Frankie Goes To Hollywood / Rage Hard / 1986
A very early CD single and the first from Frankie. ZTT temporarily ditched their beloved cassette singles (cassingles, cassetted etc.) with this being the only non-vinyl release for Rage Hard. The packaging is rather modest, with a simple card sleeve, but the CD contained an exclusive 17 minute version of Rage Hard that hasn’t been reissued since.
Tin Machine / You Belong In Rock ‘n’ Roll / 1991
The first single of David Bowie‘s second (and final) Tin Machine studio album. London Records came up with this eco-unfriendly monster. Forever ostracised from other CDs on the shelf, the only thing inside this big tin (geddit?) was a CD and a folding circular poster. A second single Baby Universal was released in a the same way.
Prince / Controversy / 1993
Reissued to coincide with The Hits/The B-sides compilation in 1993, Warner Bros. decided on releasing Prince‘s Controversy as a lavish eight-panel numbered digi-pak with space for a second CD issued separately.
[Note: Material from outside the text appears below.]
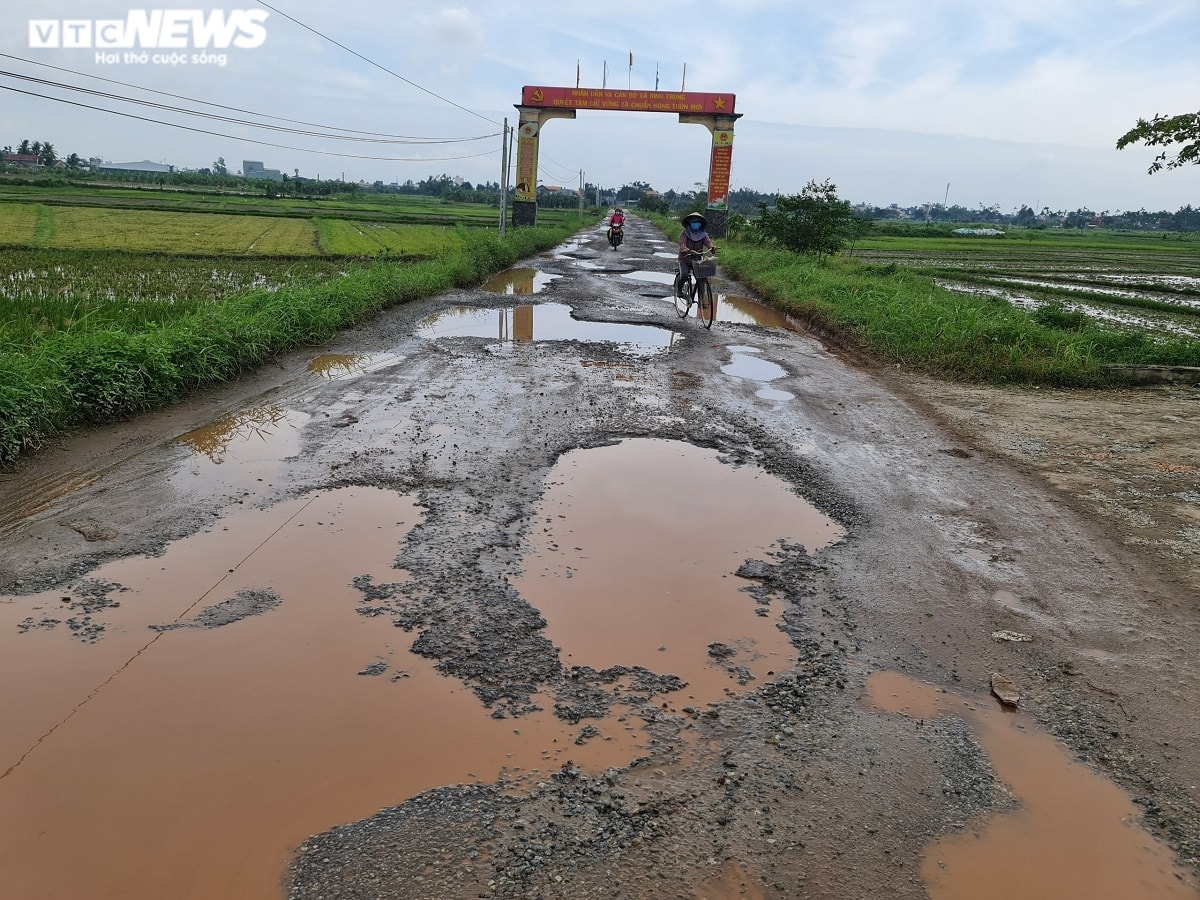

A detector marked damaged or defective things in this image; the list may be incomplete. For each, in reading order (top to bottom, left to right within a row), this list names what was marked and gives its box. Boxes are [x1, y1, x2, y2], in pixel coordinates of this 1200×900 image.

pothole-filled road [0, 218, 1192, 900]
Bonus tracks were largely made up of songs they’d left off the compilation (such as Anotherloverholenyohead). Peach, another track from the hits collection, was also released in this two-CD dig-pak form.
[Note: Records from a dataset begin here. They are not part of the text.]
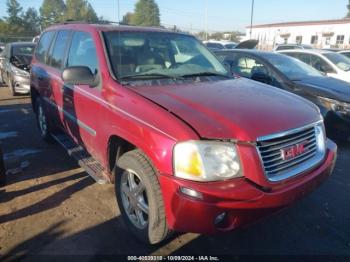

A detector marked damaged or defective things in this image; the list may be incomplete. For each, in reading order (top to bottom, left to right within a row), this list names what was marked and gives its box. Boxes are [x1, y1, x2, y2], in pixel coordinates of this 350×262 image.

damaged hood [130, 78, 322, 141]
cracked headlight [174, 141, 242, 182]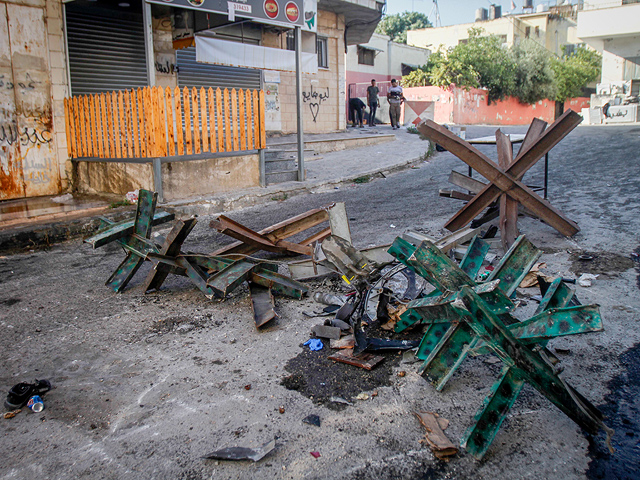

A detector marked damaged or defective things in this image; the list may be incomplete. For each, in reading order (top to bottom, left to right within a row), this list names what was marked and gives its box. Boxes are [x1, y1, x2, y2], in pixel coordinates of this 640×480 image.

broken green wood [484, 235, 540, 296]
broken green wood [456, 286, 604, 460]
Duran Duran / Do You Believe In Shame? 1989
Duran Duran‘s first CD single was the final single from their Notorious album, the gatefold card sleeved Meet El Presidente, dubbed The Presidential Suite. I Don’t Want Your Love, the first single from Big Thing followed, and was issued in an overprinted transparent slimline jewel case, with second single All She Wants Is reverting to a three-inch format. Do You Believe In Shame maintained the three-inch approach, but was housed in a hard plastic slip case within a hang-it-on-the-rack soft plastic EMI casing.
Paul McCartney / Figure Of Eight 1989
Despite some of his best reviews for a decade, the first two singles from McCartney‘s 1989 Flowers In The Dirt album (My Brave Face and This One) had performed disappointingly, with both stalling at number 18 in the UK charts, and the later only just scrapping into the Billboard Hot 100. EMI pulled out all the stops for Figure of Eight with three 12-inch records (including an etched disc) and two CD singles amongst a multitude of formats released in the UK. CDR6235 was the 5-inch CD released with the gatefold sleeve with space for another CD. A week later, CD3R6235 came out with its own three-inch gatefold sleeve, but the idea was that you would store it in the five-inch gatefold. All this was to no avail, since Figure of Eight peaked at number 42 and 92 in the UK and US charts respectively!
R.E.M. / Out Of Time singles 1991
Warner Bros. released all four CD singles from R.E.M.’s Out Of Time album as limited edition collectors’ editions. Each came in an album-style jewel case with a distinctive chequered border. The CDs included three live songs, all complementary to those available on the other formats. Collectively the singles offered fans an album-length live concert.